─── Given data ───
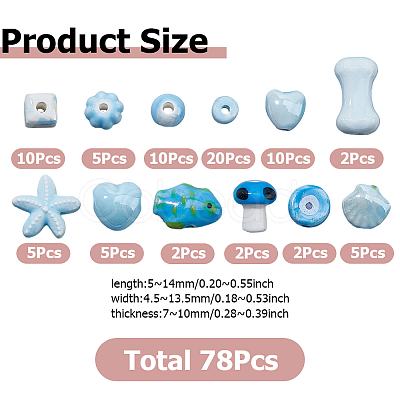 Handmade Porcelain Beads PORC-HS0001-09-1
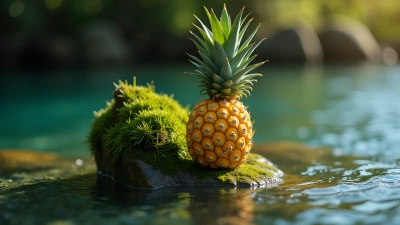 Yellow Green Pineapple On Mossy Rock
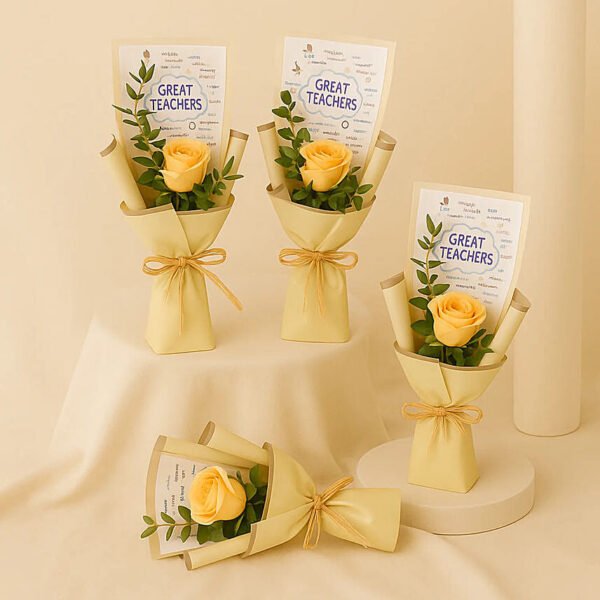 Roses Bouquet Set Of 4 For Teacher
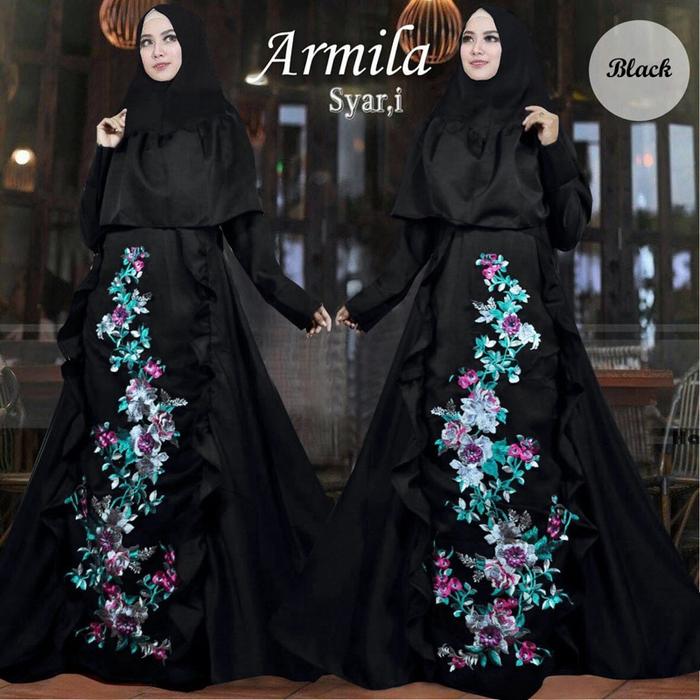 Gamis armila PLUS HIJAB /gamis murah/gamis bordir/fashion muslimah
───
Required work =>
Take the lines from the one holding "Roses Bouquet Set Of 4 For Teacher" through the final line of the listing above and copy them exactly, both ends included, with no pictures.

Written solution =>
 Roses Bouquet Set Of 4 For Teacher
 Gamis armila PLUS HIJAB /gamis murah/gamis bordir/fashion muslimah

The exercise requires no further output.